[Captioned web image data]
* * *
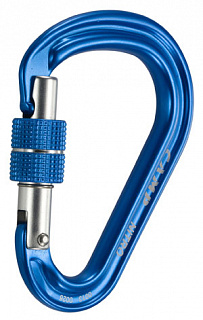  Карабин Camp HMS Nitro-Lock в Красноярске  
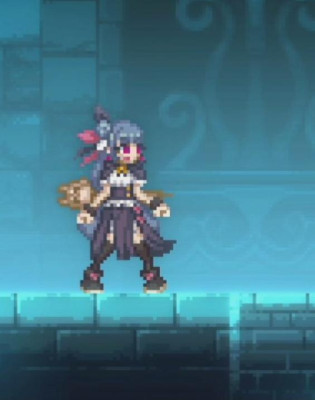 Screenshot_20250808_165951_Chrome.jpg
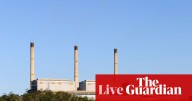 Australia news live: Queensland’s biggest coal-fired power station may close early; home buyers scheme to have ‘minimal impact’ on prices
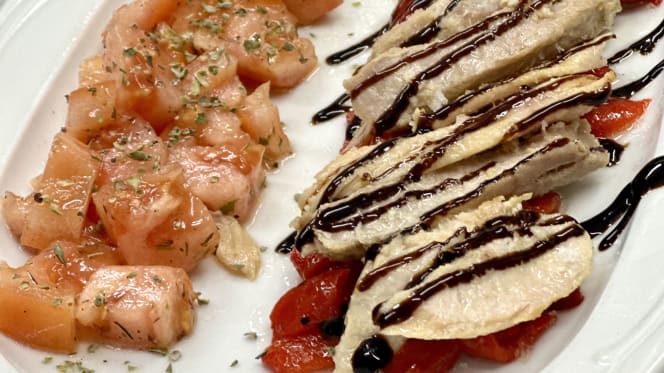 Cervecería Cruz Blanca - 2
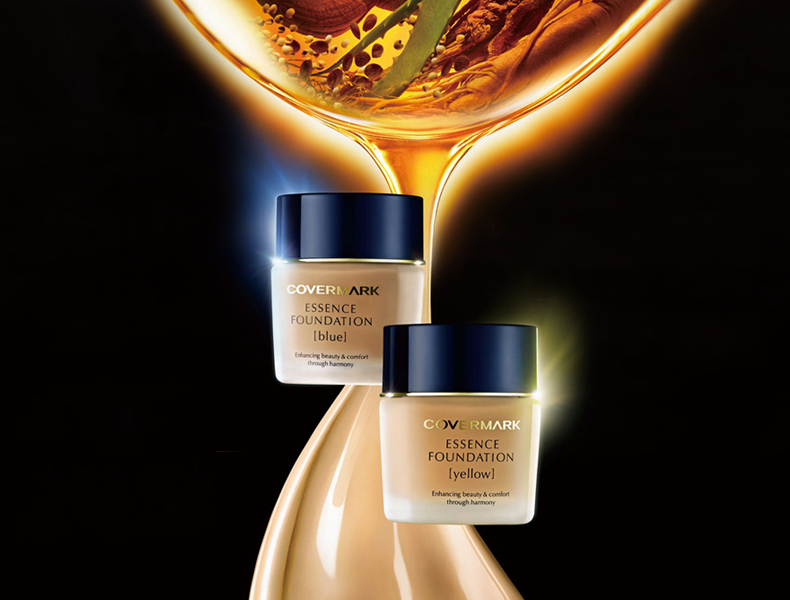 今天跟大家分享一款日常底妆,便宜又好用的平价底妆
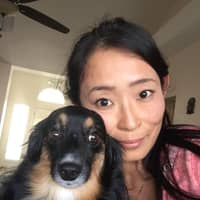 Sitter Profile Image: Kyoko F.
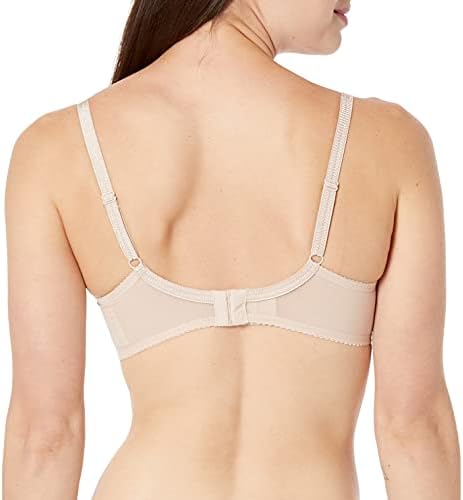 Vue 2 de Belle Floral Lace Balcony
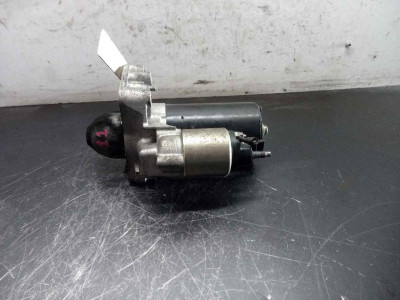 MOTOR ARRANQUE, MINI, MINI (R56)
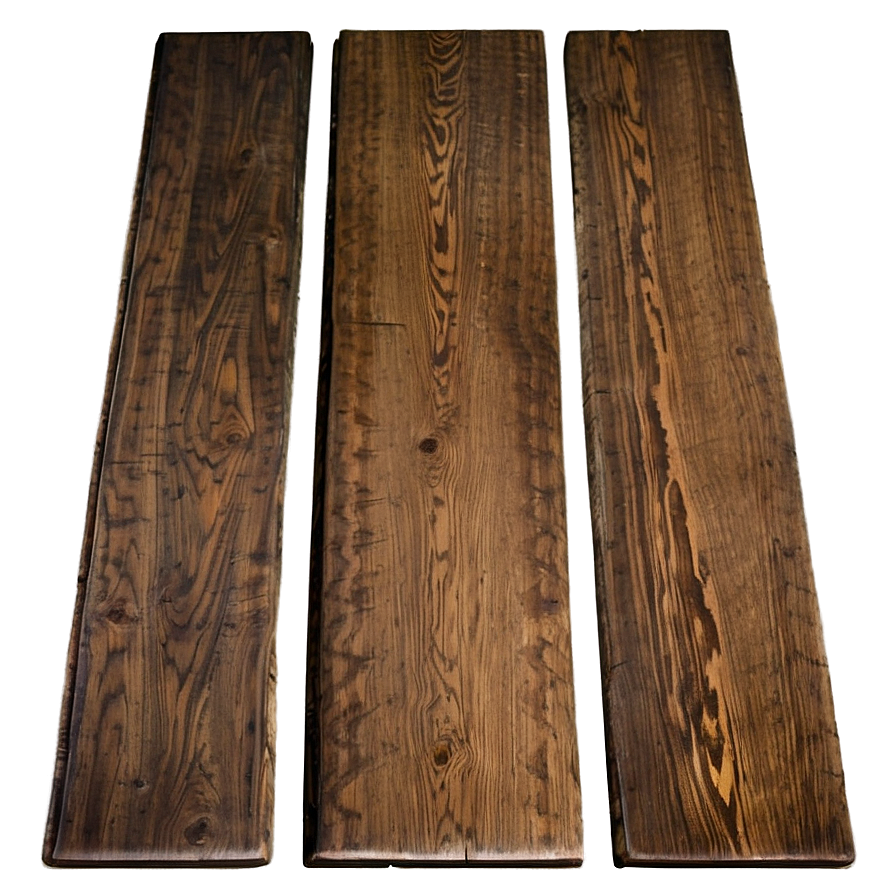 Antique Hardwood Floor Style Png Qkg PNG image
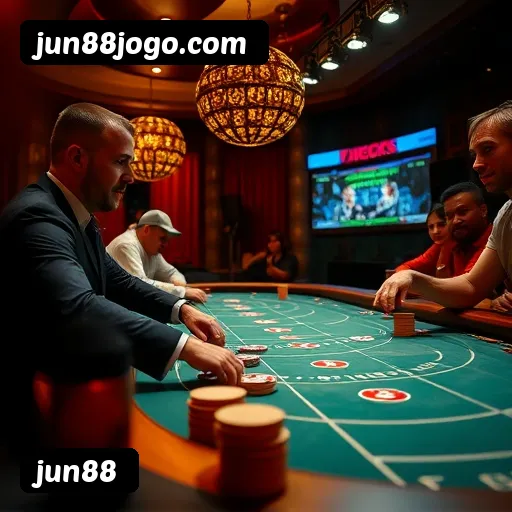 Sistema VIP Premium e Segurança Máxima - Bônus Exclusivos e Benefícios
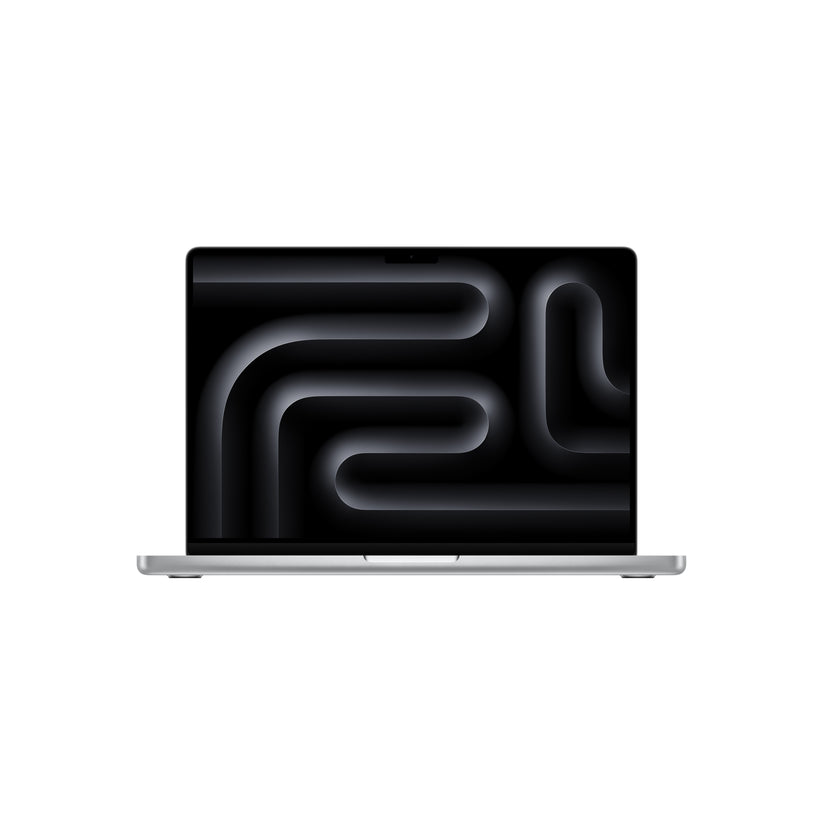 MacBook_Pro_14-inch_M6_Silver_PDP_Image_Position_1__en-SG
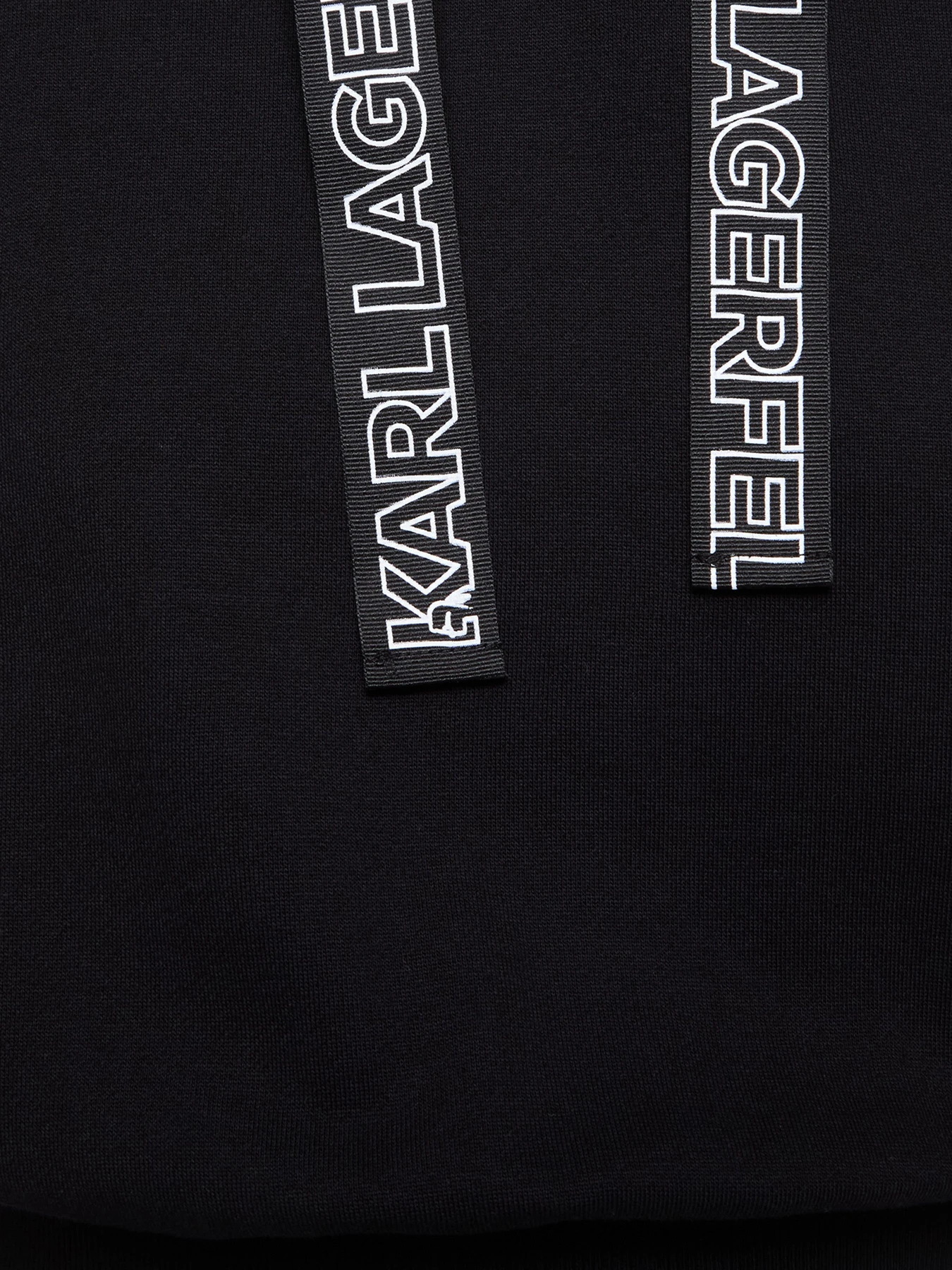Платья Karl Lagerfeld Jeans модель A2W13033 Фото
* * *
# Exercise goal:
Your answer must be an exact copy of the records, without the pictures.

# Written response:
  Карабин Camp HMS Nitro-Lock в Красноярске  
 Screenshot_20250808_165951_Chrome.jpg
 Australia news live: Queensland’s biggest coal-fired power station may close early; home buyers scheme to have ‘minimal impact’ on prices
 Cervecería Cruz Blanca - 2
 今天跟大家分享一款日常底妆,便宜又好用的平价底妆
 Sitter Profile Image: Kyoko F.
 Vue 2 de Belle Floral Lace Balcony
 MOTOR ARRANQUE, MINI, MINI (R56)
 Antique Hardwood Floor Style Png Qkg PNG image
 Sistema VIP Premium e Segurança Máxima - Bônus Exclusivos e Benefícios
 MacBook_Pro_14-inch_M6_Silver_PDP_Image_Position_1__en-SG
Платья Karl Lagerfeld Jeans модель A2W13033 Фото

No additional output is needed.